▸ Problem details
This task asks for the lines from the one with "Set of 50 colourful" to the final line below, repeated exactly, with pictures omitted.
*** Opening Data supplied ***
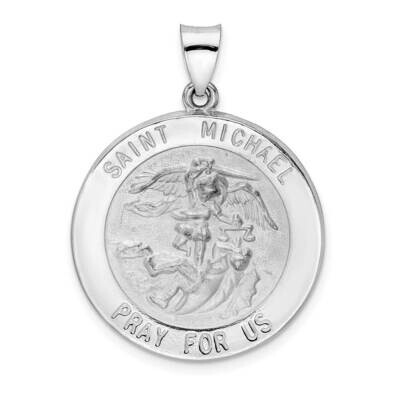 Satin Hollow St Michael Medal Pendant 14k White Gold Polished XR1941, MPN: XR1941,
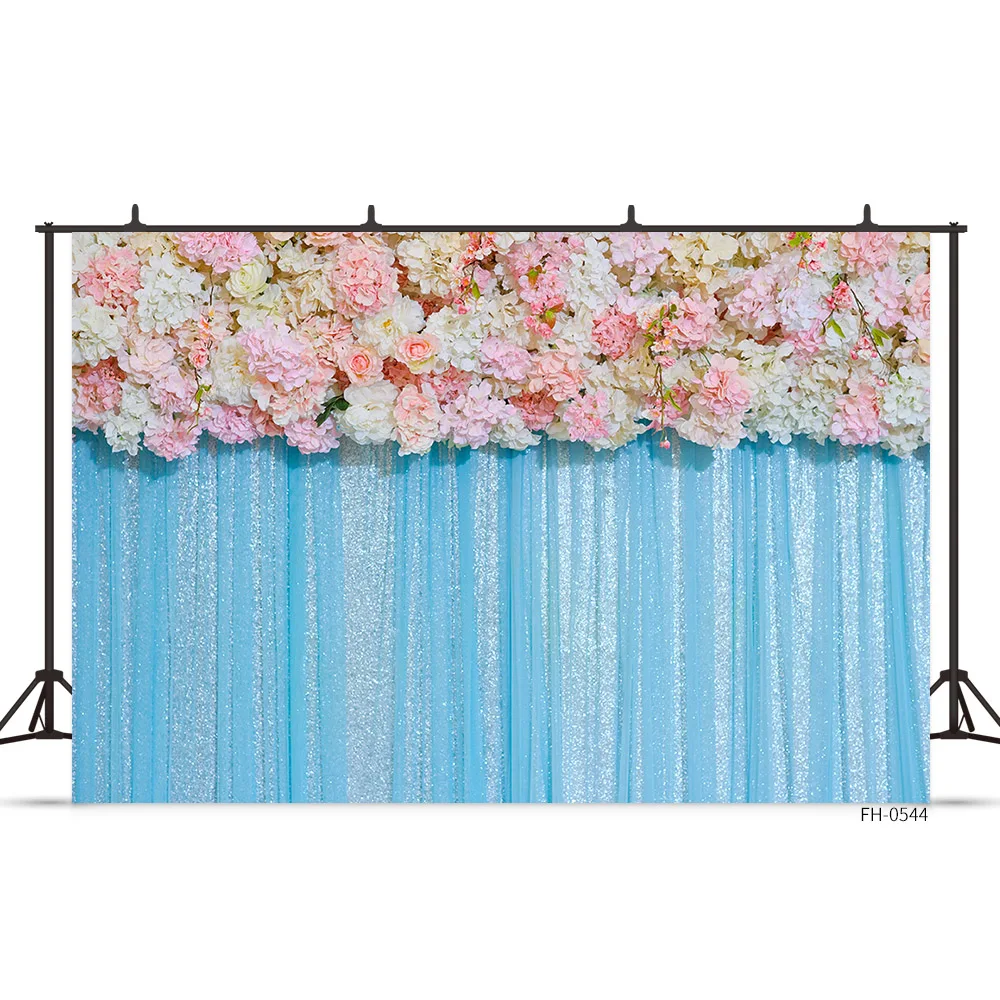 Blue Curtains Photography Backdrops Wedding Birthday Party Pink Flowers Wall Background For Bridal Shower Photo Studio Photocall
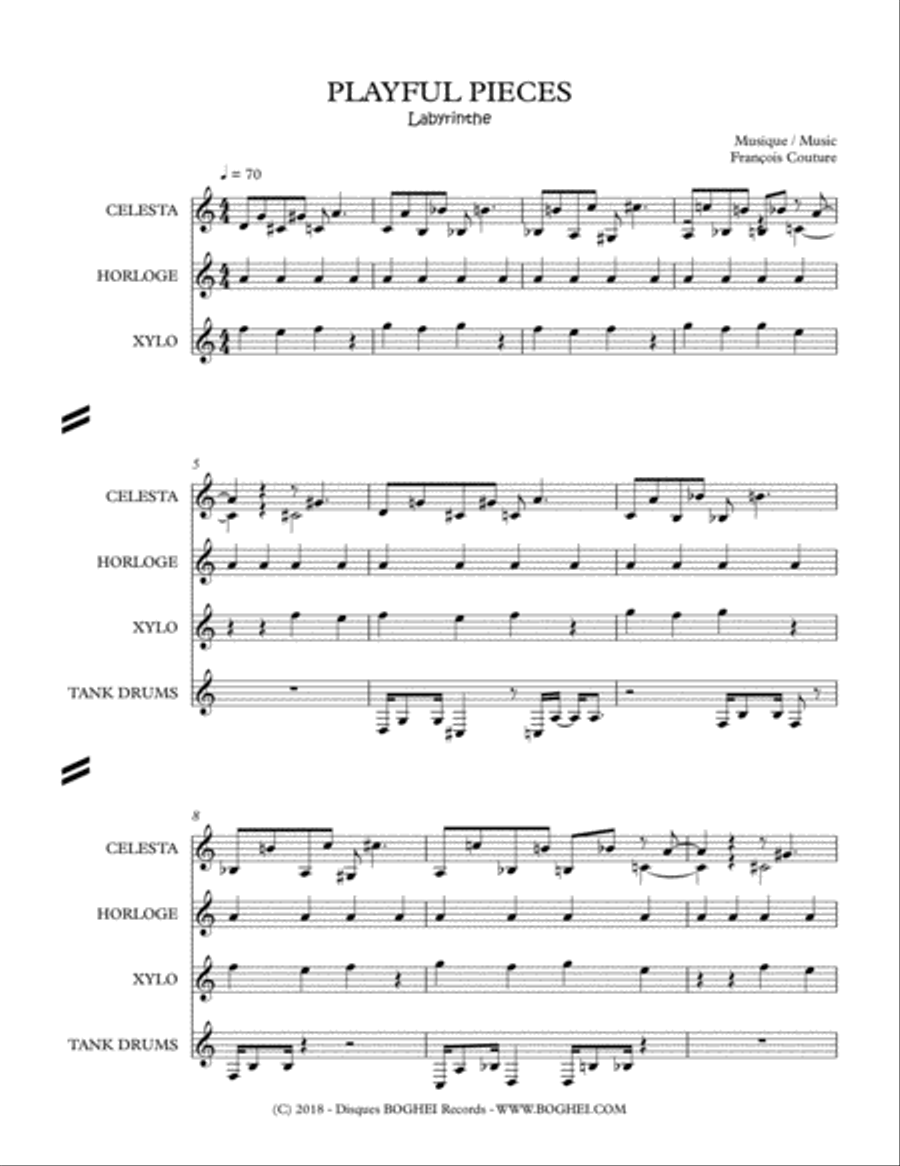LABYRINTHE (PLAYFUL PIECES) Easy Piano scores gallery preview page 1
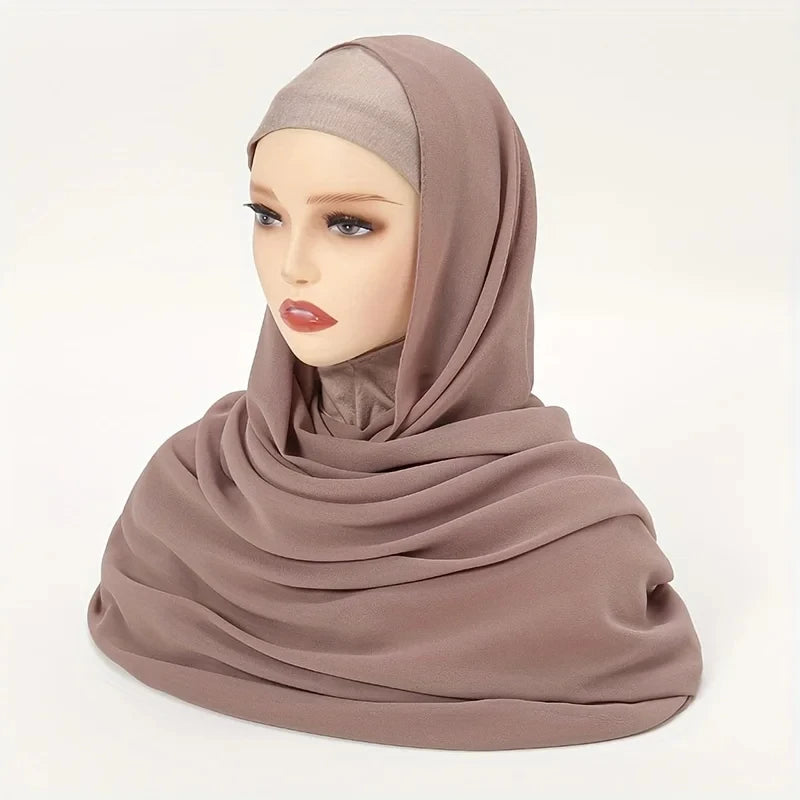 High Quality 2pcs Solid Color Muslim Chiffon Hijab Scarf Fashion Women Ramadan Long Shawls Bandana Turban Head Scarf Classic Head Wrap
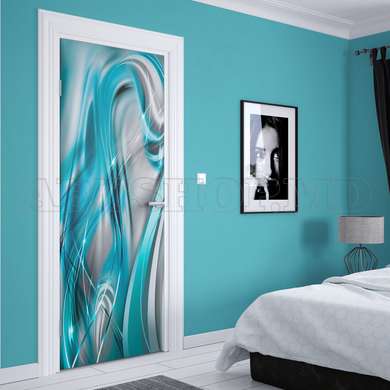 3D door sticker, Sea wave, 60 x 90cm, Door Sticker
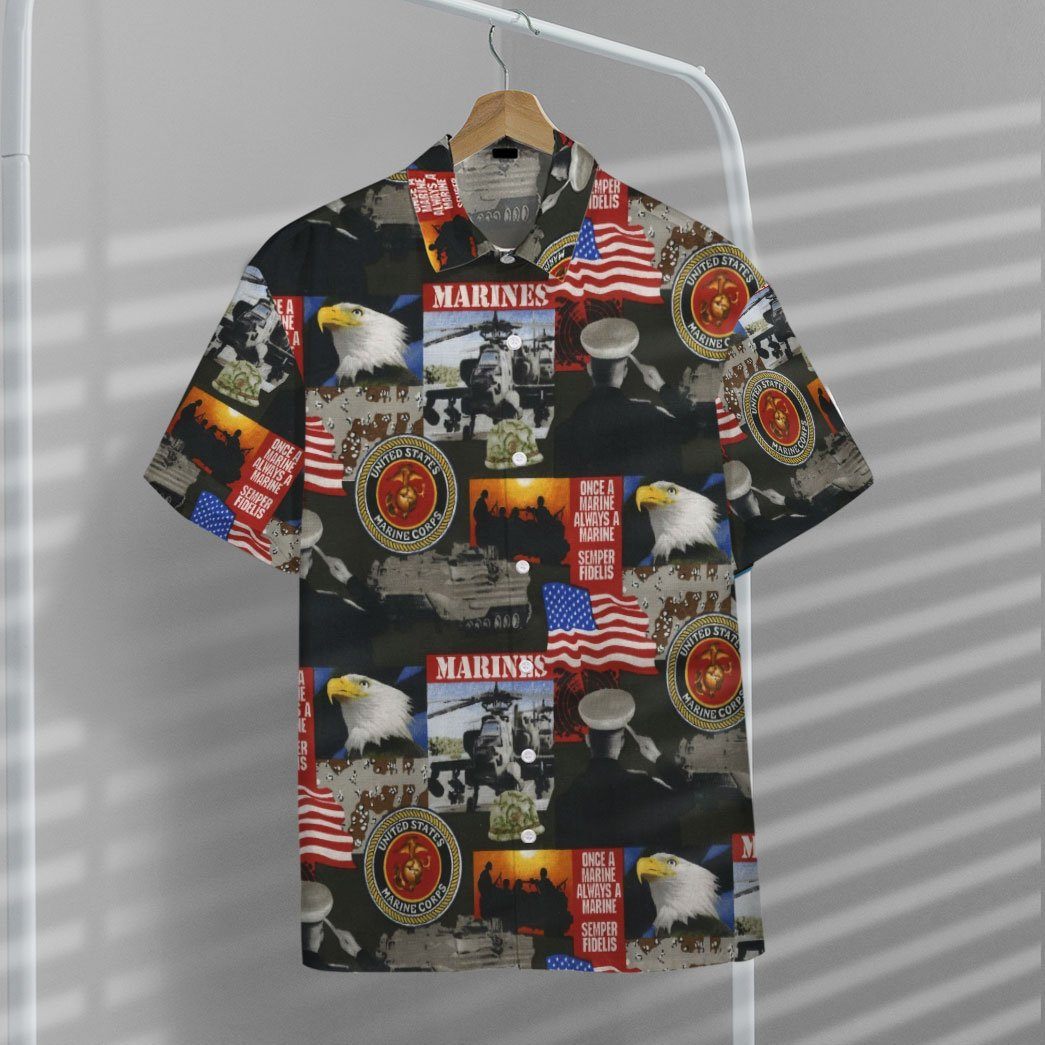 Gearhumans 3D United States of America Marines Military Custom Hawaii Shirt GO28062110 Hawai Shirt 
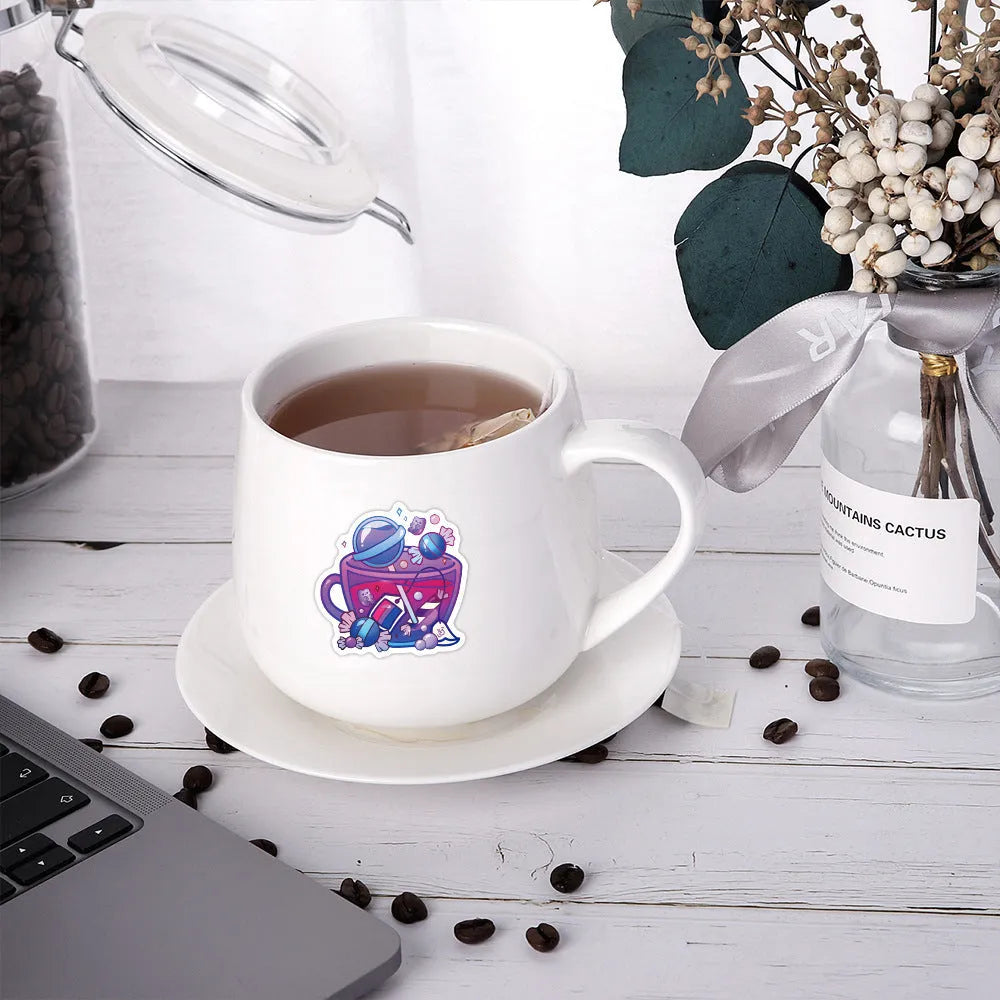 Set of 50 colourful tea cup graffiti waterproof stickers in Nordic style, laid out for display.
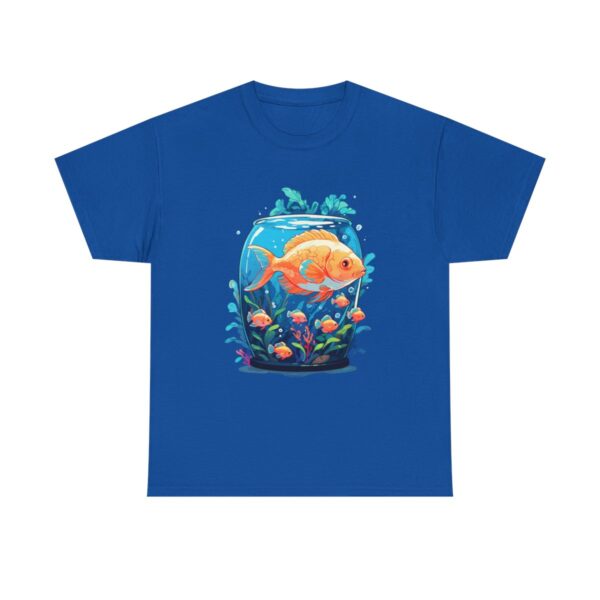 Unisex heavy cotton tee with tropical fish in an aquarium design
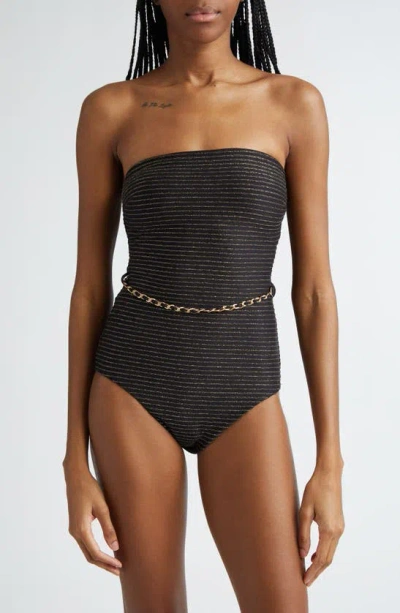 Zimmermann Waverly Chain Detail Strapless One-piece Swimsuit In Black/ Gold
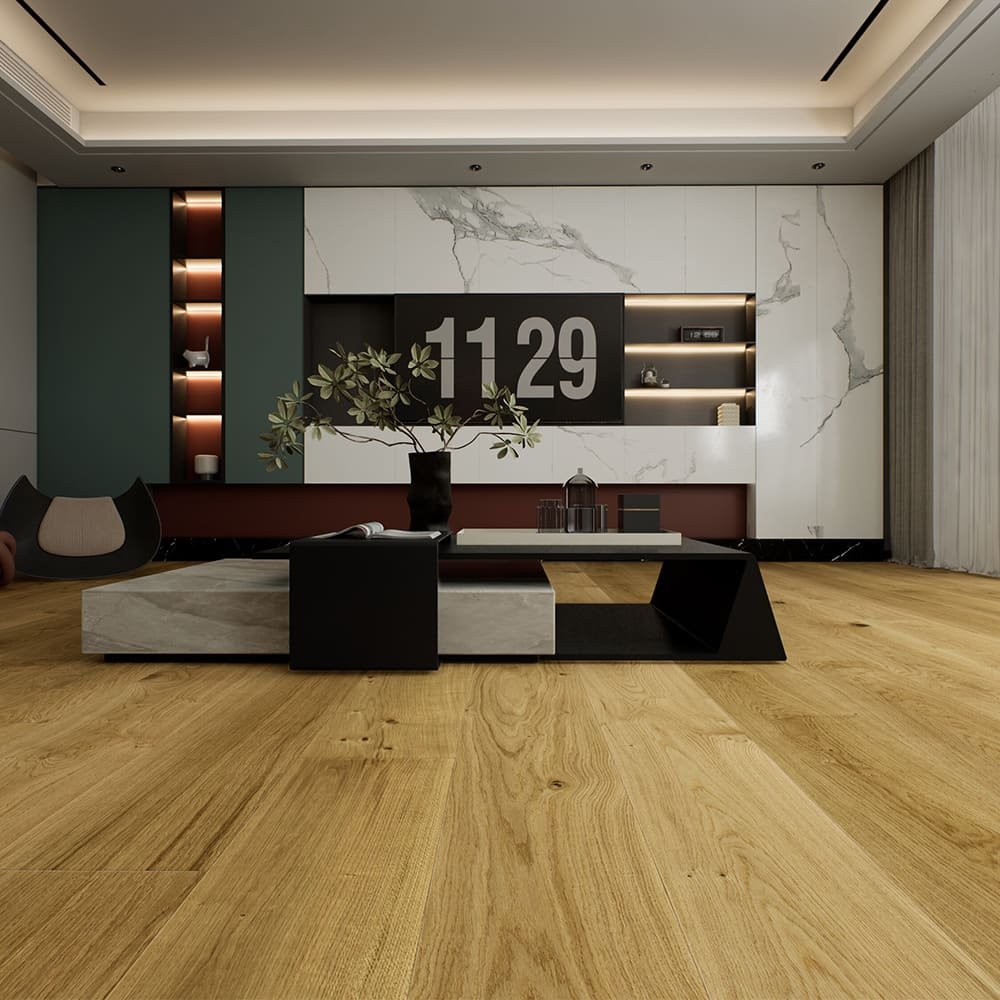 Menorca hardwood flooring detail view 5 - Brushed texture and grain pattern
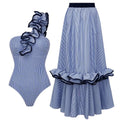 Women One Shoulder Ruffle Stripe Print Swimwear And Skirt Suit - Norellé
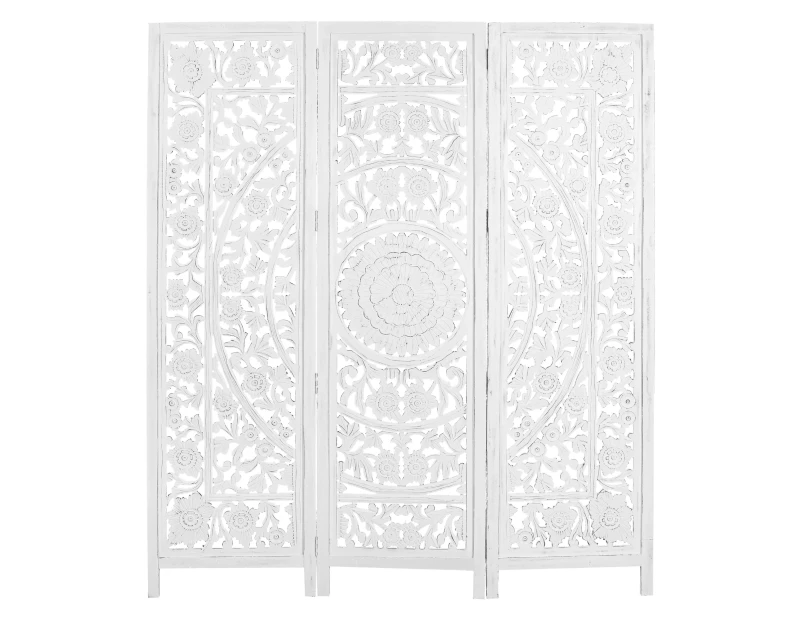 Jans 3 Panel Room Divider Screen Privacy Shoji Timber Wood Stand - White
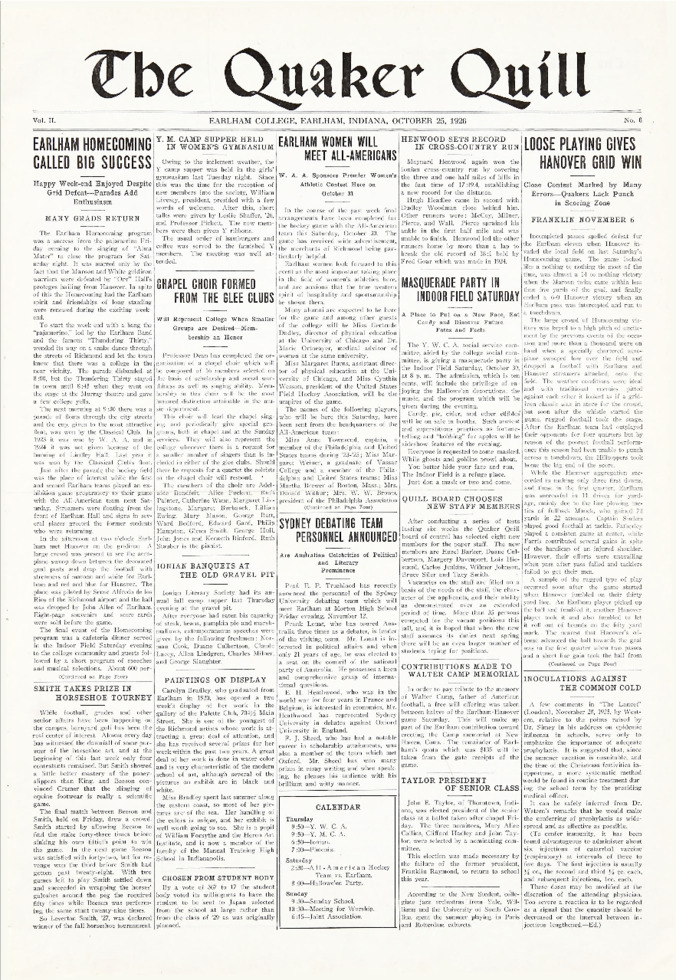 Quaker Quill: October 25, 1926 Thumbnail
*** Closing Data supplied ***
▸ Problem solution
 Set of 50 colourful tea cup graffiti waterproof stickers in Nordic style, laid out for display.
 Unisex heavy cotton tee with tropical fish in an aquarium design
 Zimmermann Waverly Chain Detail Strapless One-piece Swimsuit In Black/ Gold
 Menorca hardwood flooring detail view 5 - Brushed texture and grain pattern
 Women One Shoulder Ruffle Stripe Print Swimwear And Skirt Suit - Norellé
 Jans 3 Panel Room Divider Screen Privacy Shoji Timber Wood Stand - White
 Quaker Quill: October 25, 1926 Thumbnail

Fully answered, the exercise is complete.